Leases: An efficient fault-tolerant mechanism for distributed file cache consistency – Gray & Cheriton 1989
This paper introduced the leasing model for distributed systems. Leases are conceptually very straightforward and bring a surprising number of benefits for such a simple mechanism. Also in this paper you’ll find the simple formulas that can help you figure out the optimum lease term for your workloads.
Caching introduces the problem of ensuring consistency between the cached data and its primary location of storage. By consistent, we mean that the behaviour is equivalent to their being only a single (uncached) copy of the data except for the performance benefit of the cache.
Now that’s one of the most straightforward definitions of consistent you’re likely to find!
A distributed system… can experience partial failures: a host may crash or messages may be lost. Existing approaches to consistency for file caches fall into two categories: those that assume reliable broadcast, and so do not tolerate communication failures, and those that require a consistency check for every read, and so fail to deliver good performance.
Those were simpler times 😉 Leases are a very elegant solution to these problems.
A lease is a contract that gives its holder specified rights over property for a limited period of time. In the context of caching, a lease grants to its holder control over writes to the covered datum during the term of the lease, such that the server must obtain the approval of the leaseholder before the datum may be written…. A cache using leases requires a valid lease on the datum (in addition to holding the datum) before it returns the datum in response to a read, or modifies the datum in response to a write.
From a performance perspective, one big advantage of leases is that once a lease is held, subsequent reads can return straightaway. Leases are also very easy to implement on the server-side: using short leases, you can always just wait for the lease time to expire to get back to a known state.
Short lease terms have several advantages. One is that they minimize the delay resulting from client and server failures (and partitioning communication failures). When the server cannot communicate with a client, the server must delay writes to a file for which the failed client holds a lease until that lease has expired.
Short lease terms also minimize the overhead due to false sharing – where a client wants to write to a file that is covered by a lease held by another client, when in fact that client is no longer using it.
Key to the overall performance of the system is choosing an appropriate lease term:
The choice of lease term is based on the trade-off between minimizing the lease extension overhead versus minimizing false sharing.
Given a read rate of R, write rate of W, and a file shared between S caches then the lease benefit factor B is given by B = 2R/SW. And you’ll be getting benefit from a leasing scheme so long as the amount of time a client holds a lease (without renewing) is > 1/(R(B-1)).
Leases have very nice fault-tolerant properties:
Leases ensure consistency provided that the hosts and network do not suffer certain Byzantine failures including clock failure.
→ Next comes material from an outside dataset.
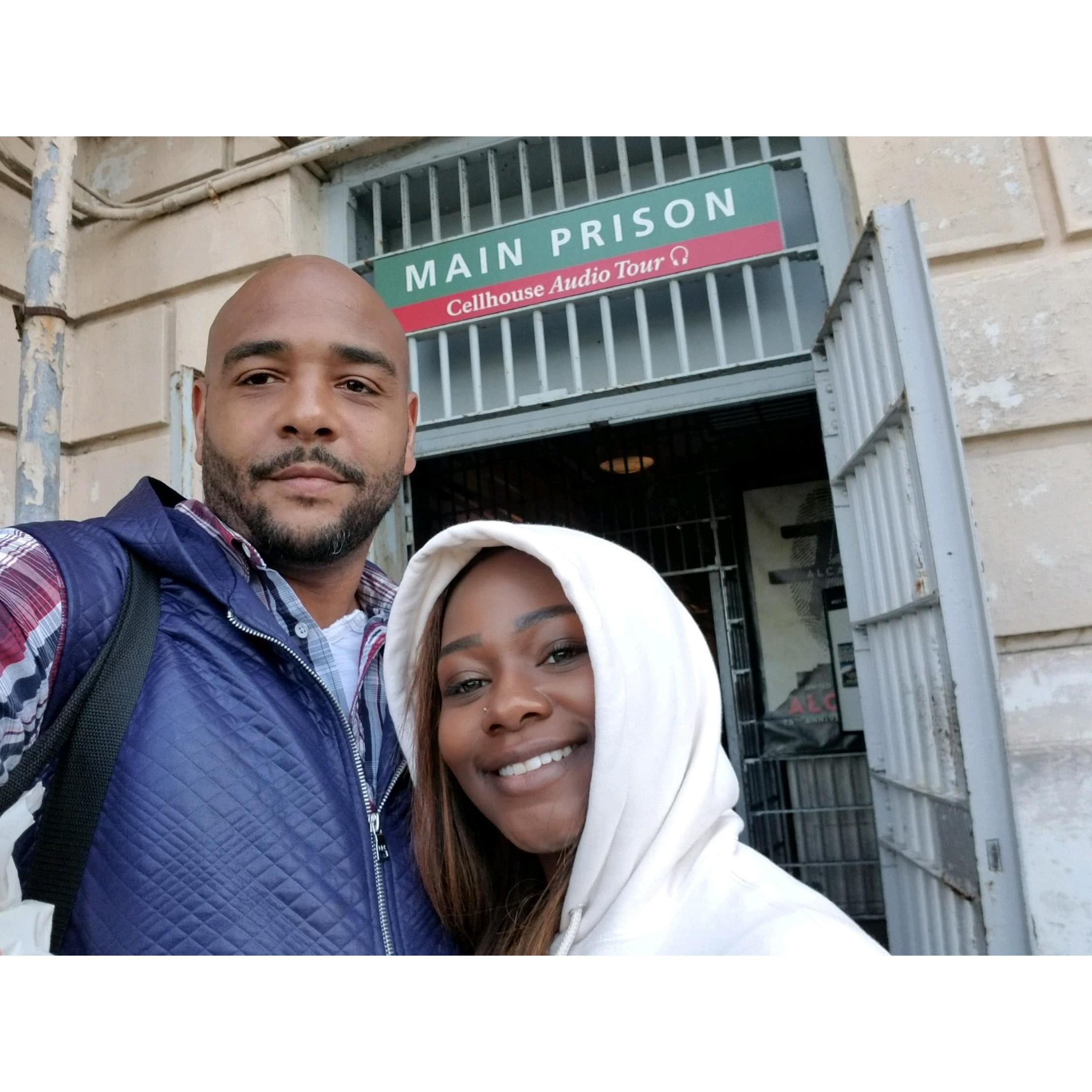 Brandon and Oriana entering Alcatraz Prison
More specifically, consistency is maintained in spite of message loss (including partition), and client or server failures (assuming writes are persistent at the server across a crash). Moreover, availability is not reduced by the caches because an unreachable client at most briefly delays write access by other clients.
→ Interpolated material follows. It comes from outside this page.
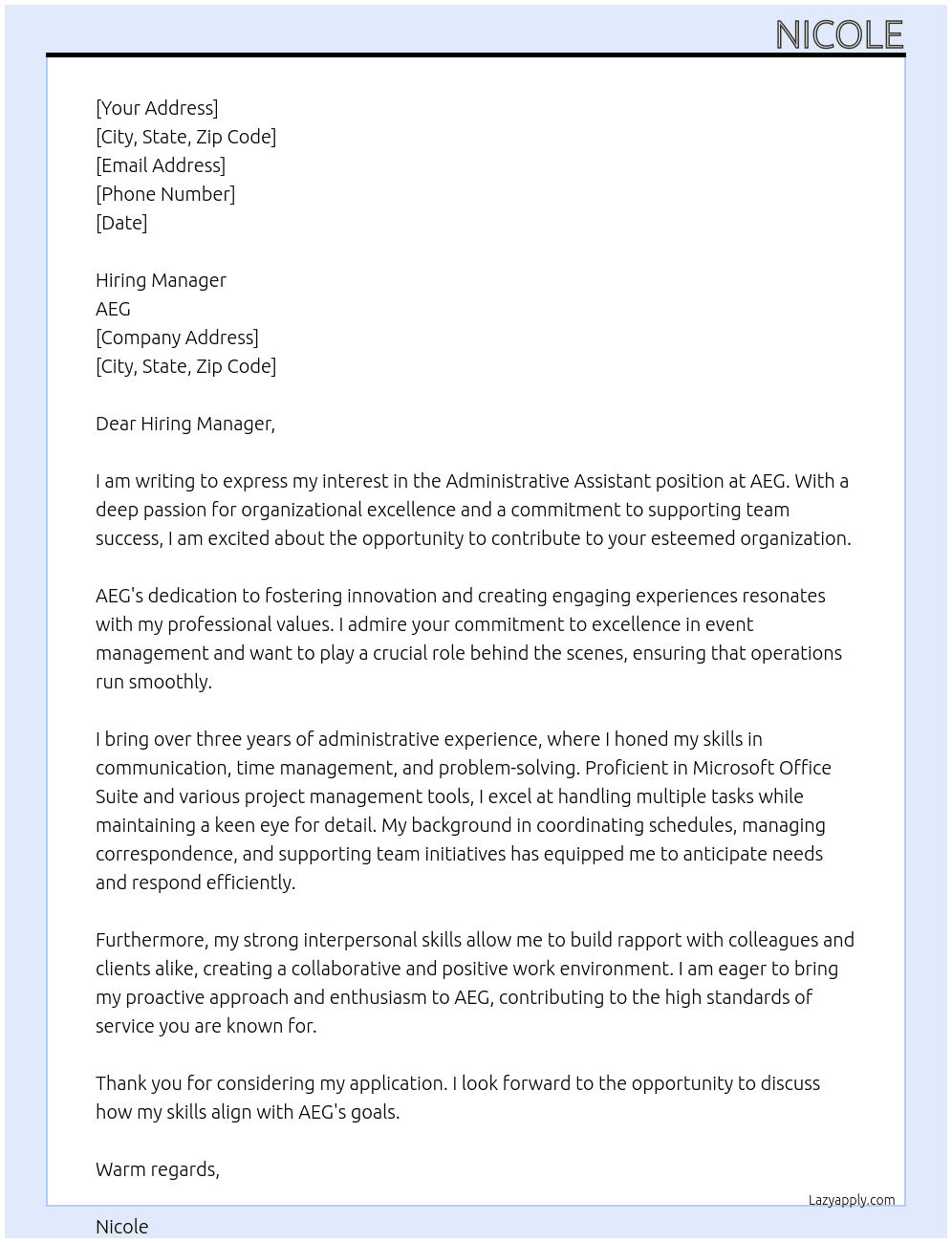 Administrative Assistant At AEG Cover Letter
In a forward-looking statement in the conclusion, the authors state:
Lease appear well-suited to large-scale distributed systems. The improvement in response time that they offer is more significant for the faster processors and higher delay networks.
In their 2013 “Scaling memcache at Facebook” paper, Nishtala et al. discuss the introduction of a lease mechanism to cope with ‘thundering herds.’ Without leases, all of the cache misses resulted in a peak database query rate of 17K/s. With leases,the peak database query rate was 1.3K/s.